В силу всего вышесказанного ясно, что отказ западноевропейской литературы, в основном в XVIII в., от традиционного сюжета, а затем и от «топики» имел принципиальное значение для демифологизации литературы. В XVIII и особенно в XIX в., отчасти и в XX в. утверждаются два новых типа отношения литературы к мифологии, в известном смысле соотносимые с реализмом и романтизмом. Первый тип – сознательный отказ от традиционного сюжета и «топики» ради окончательного перехода от средневекового «символизма» к «подражанию природе», к отражению действительности в адекватных жизненных формах; второй тип – попытки сознательного, совершенно неформального, нетрадиционного использования мифа (не его формы, а его «духа»), порой приобретающие характер самостоятельного поэтического мифотворчества.
Ранний и вместе с тем классический пример решительного сюжетного новотворчества – «Робинзон Крузо» Д. Дефо. Это – серьезная веха на пути демифологизации. В отличие от «Лузиад» Камоенса, воспевающего героику великих географических открытий с помощью мифологических мотивов и аксессуаров, близкая тема разрабатывается в «Робинзоне» на основе обращения к реальным дневникам путешественников и пиратов, с установкой на бытовой «реализм», на подробнейшее, лишенное всякой парадности описание трудовых будней героя вопреки исключительным условиям, в которых он находится.

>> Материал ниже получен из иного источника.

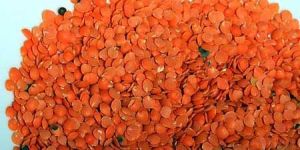 Red Lentils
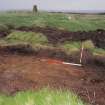 Evaluation photograph, S facing section of trench taken from S, Soutra Quarry Extension, Humbie, Borders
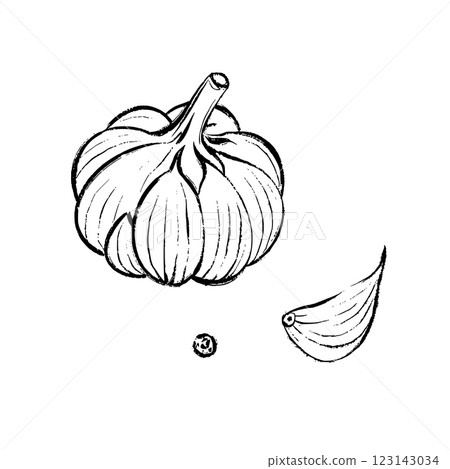 Vector Line Art Drawing of Garlic 123143034
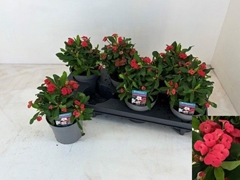 Euphorbia Vulcanus 13Ø 20cm
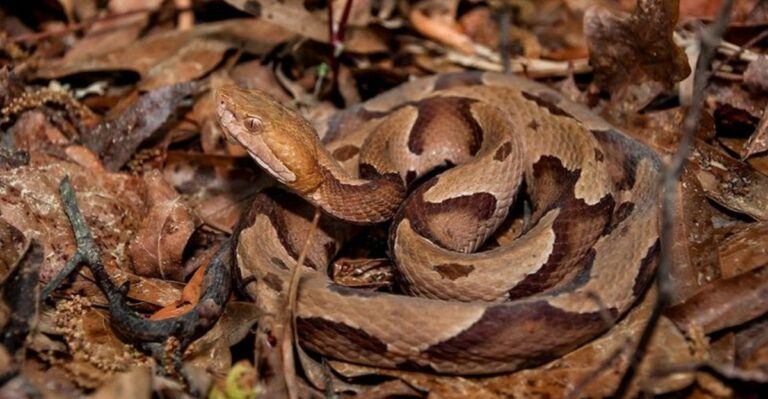 Kentucky Copperheads Go Back To Daytime Movement In Fall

Необходимо подчеркнуть, что сам по себе бытовизм не был уже новинкой во времена Дефо, но этот бытовизм, натуралистические «жанровые» сценки, во-первых, прекрасно уживались с традиционными сюжетными и жанровыми схемами, а во-вторых, находили себе место преимущественно в нижнем ярусе литературы – в комедии и в «комическом» или в плутовском романе; к традиции последнего, как известно, восходит «Молль Флендерс» самого Дефо. Что же касается «Робинзона», то здесь не только место действия беспредельно удалено от всякой житейски обыденной социальной обстановки, но и само действие в сущности героично, поскольку речь идет о мужественном покорении природы человеком; оно даже «космично», ибо на маленьком необитаемом островке Робинзон повторяет создание цивилизации, воспроизводит ее основные этапы – собирательство и охоту, скотоводство и земледелие, ремесло, – а когда на острове появляются другие люди, устанавливает определенный социальный порядок.